Enclosure, Derrymaclavlode, Co. Kerry
Co. Kerry |
Enclosures
On a south-east-facing slope above the valley of the Clydagh River in County Kerry, a small oval enclosure sits quietly in rough, heather-clad hill pasture.
It measures roughly seven metres east to west and just under four metres north to south, defined by a drystone wall, dry-stone construction being a technique that uses no mortar, relying entirely on the careful placement of stones for its stability. That wall has largely collapsed, but enough survives to show it was never a particularly refined piece of work, built to a thickness of around 0.7 metres and standing perhaps 0.8 metres at its highest remaining points. The north-west portion of the interior was cut slightly into the hillside, a practical measure to level the ground, though the floor still slopes away to the south-east.

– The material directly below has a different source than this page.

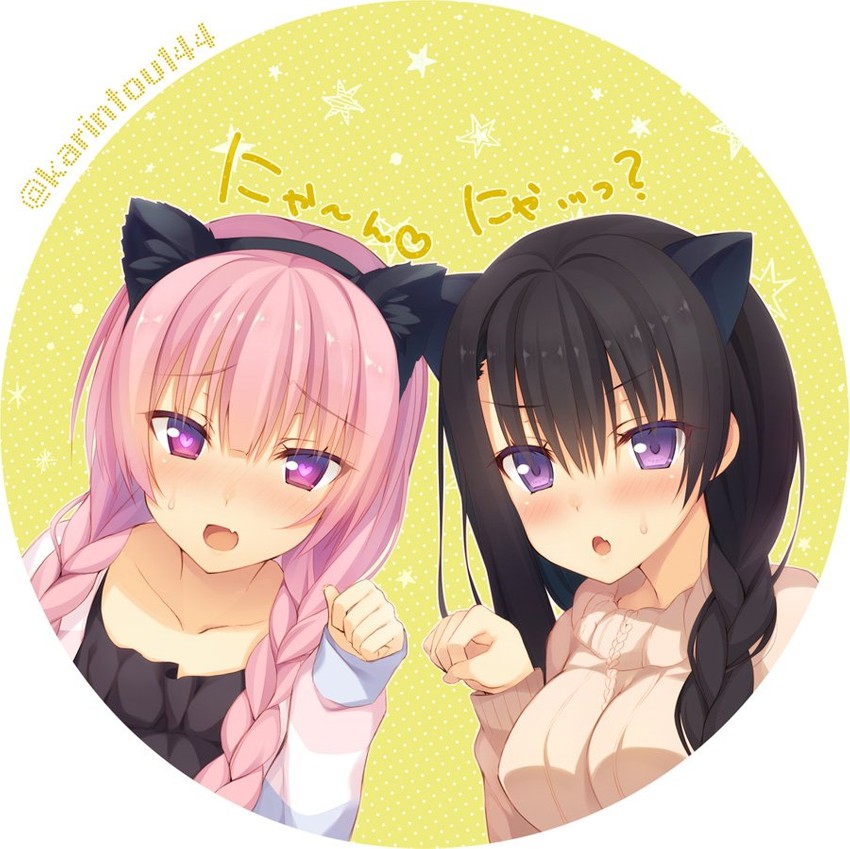 mitsukasa ayase and nijouin hazuki (riddle joker) drawn by aotsu_karin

A break in the wall at the south-west marks what was once an entrance, with a short length of collapsed walling extending about two metres further to the west from that point. Enclosures of this kind in upland Kerry are generally associated with early pastoral or agricultural activity, used to manage livestock or to define a small working or domestic space, though without excavation it is difficult to assign a precise date or function to any individual example. What makes the setting at Derrymaclavlode particularly interesting is the cluster of related features nearby: a hut site lies roughly 45 metres to the west-north-west, and a second enclosure sits around 50 metres to the north. The proximity of these features to one another suggests this hillside once supported a small, organised pattern of use, the enclosure forming one part of a broader landscape of activity rather than an isolated curiosity.